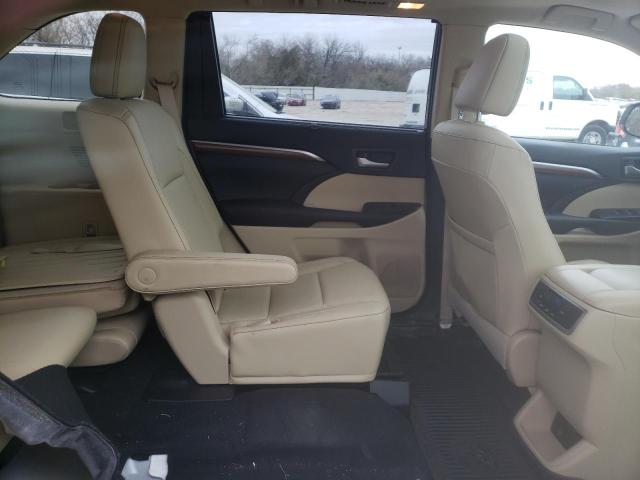 Photo 11 from auction – 2019 TOYOTA HIGHLANDER with VIN 5TDYZRFH3KS295850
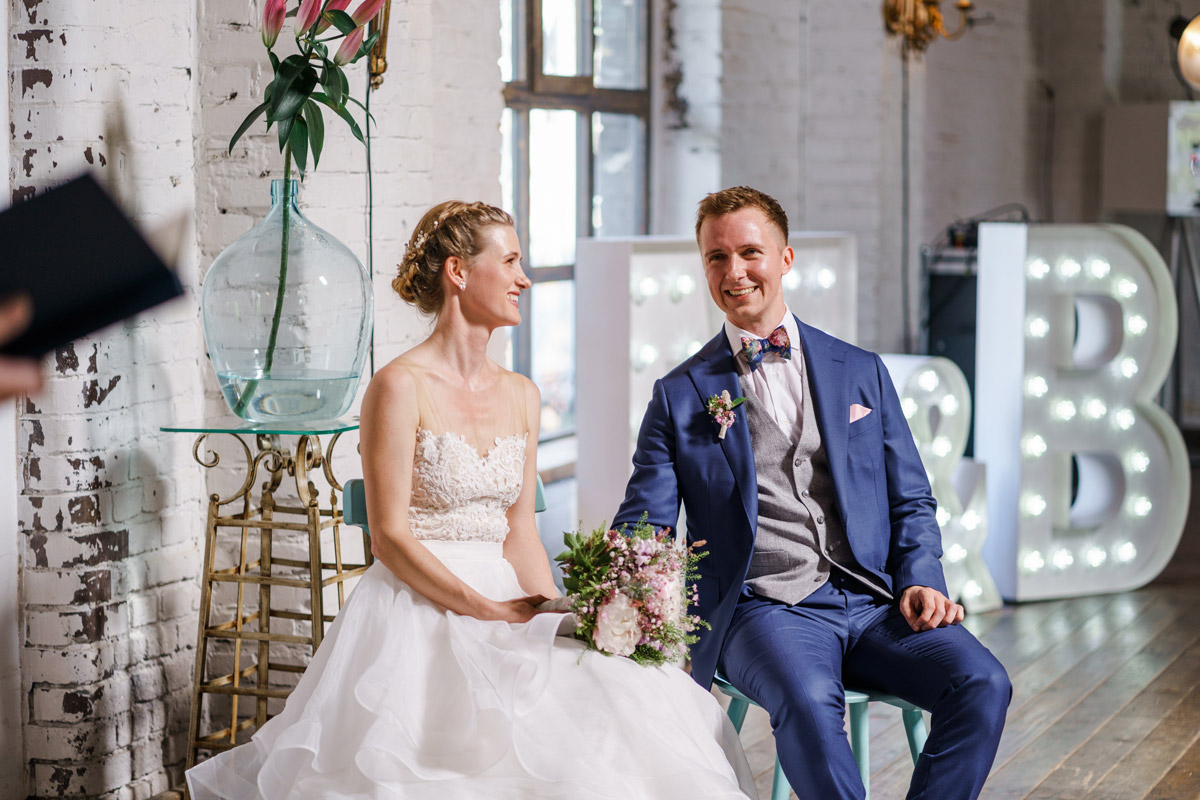 Hochzeitsfotos Berlin - vintage Hochzeit in Berlin - so schön kann Heiraten mit freier Trauung nach dem Standesamt in der Hochzeitslocation Von Greifswald sein - Hochzeitsfotos von #hochzeitslicht © www.hochzeitslicht.de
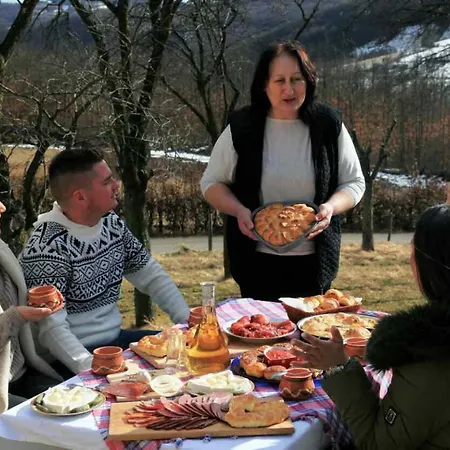 Seoski Turizam Melovic Farmház Rožanstvo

» **What is needed**
Exactly as given, set down each line of the material, but include no pictures.

» **Answer to the problem**
 Photo 11 from auction – 2019 TOYOTA HIGHLANDER with VIN 5TDYZRFH3KS295850
 Hochzeitsfotos Berlin - vintage Hochzeit in Berlin - so schön kann Heiraten mit freier Trauung nach dem Standesamt in der Hochzeitslocation Von Greifswald sein - Hochzeitsfotos von #hochzeitslicht © www.hochzeitslicht.de
 Seoski Turizam Melovic Farmház Rožanstvo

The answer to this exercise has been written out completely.